I was about to put pen to paper or more precisely, fingers to keyboard, to rant about the recent fines being issued at the current Euro 2012 competition taking place in Poland and the Ukraine, when a breaking story caught my eye.
However, I will come back to the breaking story and just have a very quick rant now.
I must confess, I haven’t been watching the Euro 2012 coverage on television as I can’t abide the cheating which goes on amongst these so called professional sportsmen – but that is another rant for another time! My rant today concerns the ridiculously unfair fines being handed out. When I say unfair, I don’t mean I think it unfair that fines are being issued, far from it, I applaud the institution for taken such a stand. No, by unfair I mean that the level of fine is inconsistent.
For example, the German Football Association was fined €10,000 (£8,000) because the German supporters threw objects onto the pitch. The Portuguese FA was fined €5,000 (£4,000) after players returned late for the second half, delaying kick-off. The Croatian Football Federation (HNS) was docked €80,000 (£64,561) for offences which included the racist abuse of an Italian striker by between 300 and 500 of the country’s fans during a game in Poznan, which was also dogged by accusations that a banana had been thrown on to the field.
However, one individual player, Nicklas Bendtner, has been fined an astonishing €100,000 (£80,000) and banned for one competitive international fixture for displaying sponsored underwear during Denmark’s game against Portugal!
So, does this mean the sport’s governing body that issues these fines has a sliding scale for the severity of the misdemeanour? It is a more minor offence for eleven sportsmen to turn up late than it is for fans to throw objects onto the pitch. We probably all agree that racism should be heavily punished, but surely it can’t be worse to wear the wrong pants?
UEFA are claiming that the individual was fined because the competition is sponsored by a different firm to the one displayed on the waist band of his pants. Most boxer shorts for men have a brand name on the waist band, so I think all the fans should display theirs so that UEFA go into meltdown at the next match!
If football’s governing body is unable to manage a fair and just system of fines, how will it cope with the head of FIFA demanding an introduction of goal line technology? Which leads us to that breaking story. That’s right, Sepp Blatter, reportedly the most powerful man in football, has tweeted his desire for new technology following the recent ‘non’ goal in the Ukraine England match.
His tweet – “After last night’s match #GLT is no longer an alternative but a necessity” – has been met with mixed reaction, but it would seem mostly with derision. Many tweeters claiming he is only reacting because England benefitted (for once!) from the decision not to award a goal. And having seen the replays, it is hard to see how the goal was not given, although, the disallowed England goal in the 2010 World Cup against Germany was even clearer than this latest mistake.

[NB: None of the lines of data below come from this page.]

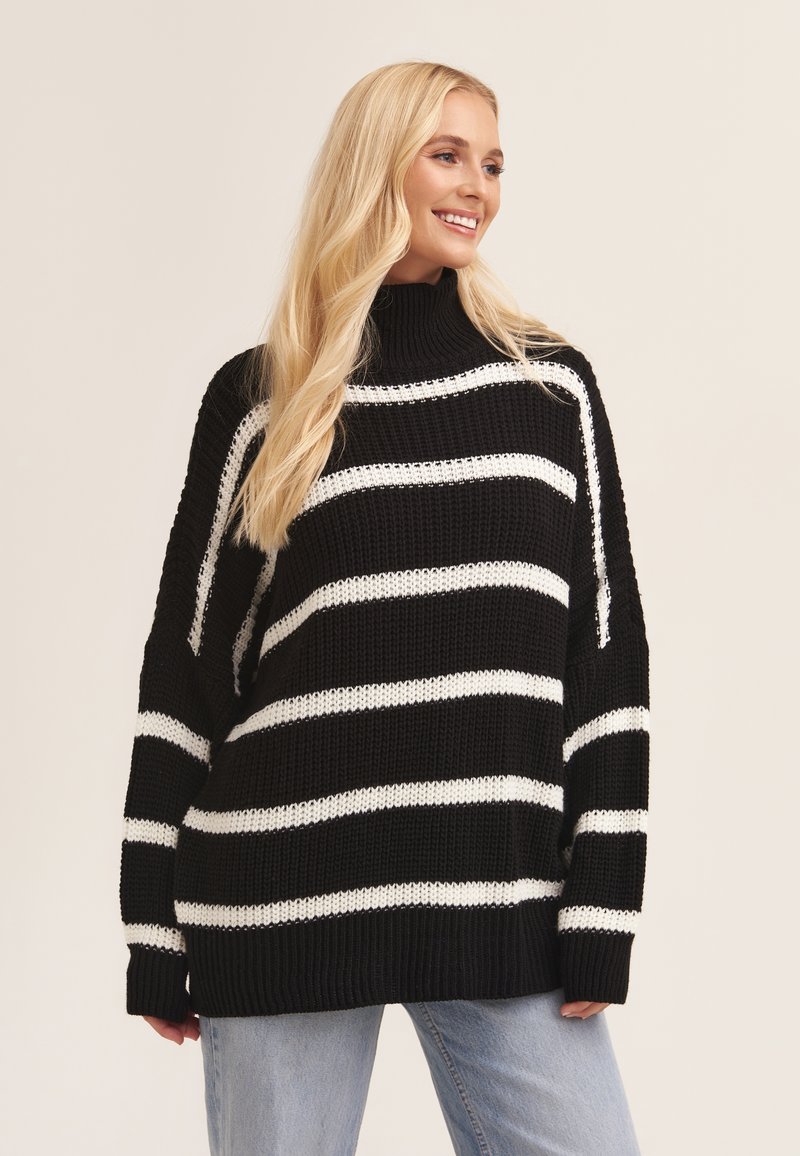 Black and white striped knit sweater features a high neck, loose fit, and ribbed cuffs. Soft texture with wide horizontal stripes.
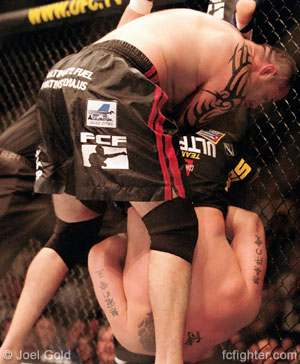 Frank Mir armbarring Tim Sylvia at UFC 48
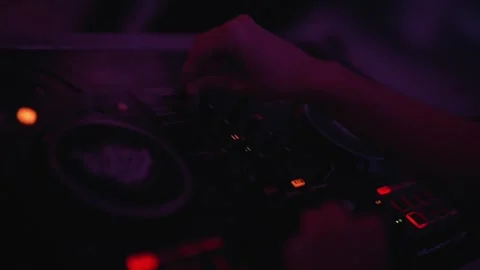 DJ mixing music on controller during live performance with moody lighting. Stock Footage 327339580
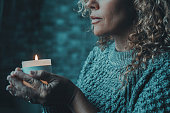 One woman indoor at home, lights candles, enjoy meditation, do yoga exercise at home. Mental health, self care, No stress, healthy habit, mindfulness lifestyle, anxiety relief concept. Religion faith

The ball can be clearly seen having crossed the line via the in-goal camera, which would have taken seconds for an off-field assistant to check. Why the football bodies have been so reluctant to introduce technology baffles many, especially when it has so effectively been used in both Cricket and Rugby, but who knows, after last night, football might finally come into the 21st century!
I’m sure England supporters will sympathise with the Ukraine having been on the receiving end of this type of decision (2010 World Cup against Germany and the infamous ‘Hand Of God’ goal for Argentina in the 1986 World Cup). However we must remember the one and only time the team has ever won a major tournament, we were helped somewhat by a “did it/didn’t it” cross the line goal!